Minimal reproducible example
You can run this quick test on Google Colab, if you don’t have a GPU on your local machine.
- From the Google Colab “Runtime” menu, click “Change Runtime Type” and check the runtime type is set to “GPU”.
- Install cupy into the notebook environment. Copy-paste
!pip install cupy-cuda11x
into a notebook cell and execute it.
I used this docstring example to make a minimal, reproducible test.
It works as expected with a numpy backed dask array:
import dask.array as da
import numpy as np
def outer_product(x, y):
return np.einsum("i,j->ij", x, y)
a = da.random.normal(size=(20,30), chunks=(10, 30))
b = da.random.normal(size=(10, 1,40), chunks=(5, 1, 40))
c = da.apply_gufunc(outer_product, "(i),(j)->(i,j)", a, b, vectorize=True)
c.compute().shape
# Expected output: (10, 20, 30, 40)
# Works as expected
Fails with a cupy backed dask array:
import dask.array as da
import cupy as cp
def outer_product(x, y):
return cp.einsum("i,j->ij", x, y)
data_a = cp.random.normal(size=(20,30))
a = da.from_array(data_a, chunks=(10, 30))
data_b = cp.random.normal(size=(10, 1,40))
b = da.from_array(data_b, chunks=(5, 1, 40))
c = da.apply_gufunc(outer_product, "(i),(j)->(i,j)", a, b, vectorize=True)
c.compute().shape
# Expected output: (10, 20, 30, 40)
# TypeError: Implicit conversion to a NumPy array is not allowed. Please use `.get()` to construct a NumPy array explicitly.
Notably, this other docstring example does work with a dask array containing cupy chunks. This example does not use the vectorize
keyword argument, which is probably why we don’t see the problem here.
Hypothesis
There are several lines in dask/array/gufunc.py that have numpy specific functions
(np.vectorize
and np.newaxis
, see here, here, and here).
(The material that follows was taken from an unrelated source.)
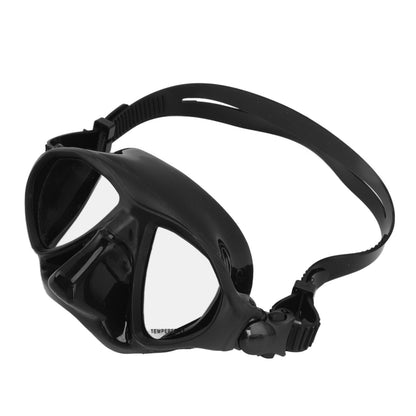 Diving Face Goggles Cover No Leakage Wide View Safe Tempered Glass Snorkeling Goggles V1294-YM0512-3111220289911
These lines might be causing this problem for dask arrays containing cupy chunks.
What we’ve tried so far
To test this idea, I tried switching out the np.vectorize
functions for the cupy.vectorize
function.
Unfortunately, cupy gives me this error:
NotImplementedError: cupy.vectorize does not support `signature` option currently.
See here in the cupy source code.
What to do next?
We could make a feature request issue in the cupy repository, for supporting the signature
keyword argument in cupy.vectorize
. I don’t know where that request would fit in to their other priorities.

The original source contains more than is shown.